Un serment, pour avoir du sens, doit être soutenu par des actes. Mais en Guinée, les lois, censées incarner la solidité d’un État de droit, restent lettre morte. Les institutions elles-mêmes se fissurent sous le poids de l’inaction et des compromissions. Et tant que les dirigeants ne seront pas tenus de rendre des comptes, ces rituels solennels resteront des cérémonies vides, des pantomimes destinées à tromper un peuple en quête de justice.

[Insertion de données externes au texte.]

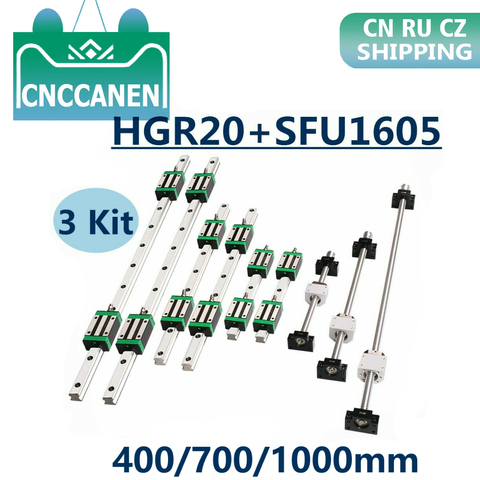 6 pièces ensembles de guidage linéaire carré HGR20-400/700/1000mm + 3 vis à billes SFU1605-400/700/1000mm BK/BF12 pièces de CNC d'accouplement ► Photo 1/4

Un Appel à la Renaissance de l’Engagement
Pour que la Guinée échappe à ce cercle vicieux, il est impératif de redonner aux serments leur véritable signification. Ils doivent cesser d’être de simples formules creuses pour devenir des pactes sincères entre les gouvernants et le peuple. Respecter les textes juridiques, appliquer les principes de transparence et d’intégrité, et exiger des comptes :Voilà les fondations nécessaires pour bâtir un avenir où le serment ne soit plus une simple formalité, mais un engagement profond et sincère. Le respect des lois, l’intégrité des actions et la transparence des actes doivent remplacer la rhétorique vide. Il est temps que le serment redevienne ce qu’il a toujours dû être : un pacte entre gouvernants et citoyens, porteur d’espoir.
En vérité, la Guinée mérite mieux. Elle mérite des engagements portés par une volonté authentique, un espoir tangible et une justice réelle. Que le serment, enfin, cesse d’être un simple rituel vide de sa substance, et qu’il devienne le fondement solide d’un véritable pacte de confiance entre le peuple et ses dirigeants. Ce n’est qu’à ce moment-là que les paroles prononcées prennent le poids d’une promesse irrévocable, capable de redonner sens et direction à une nation en voie de construction.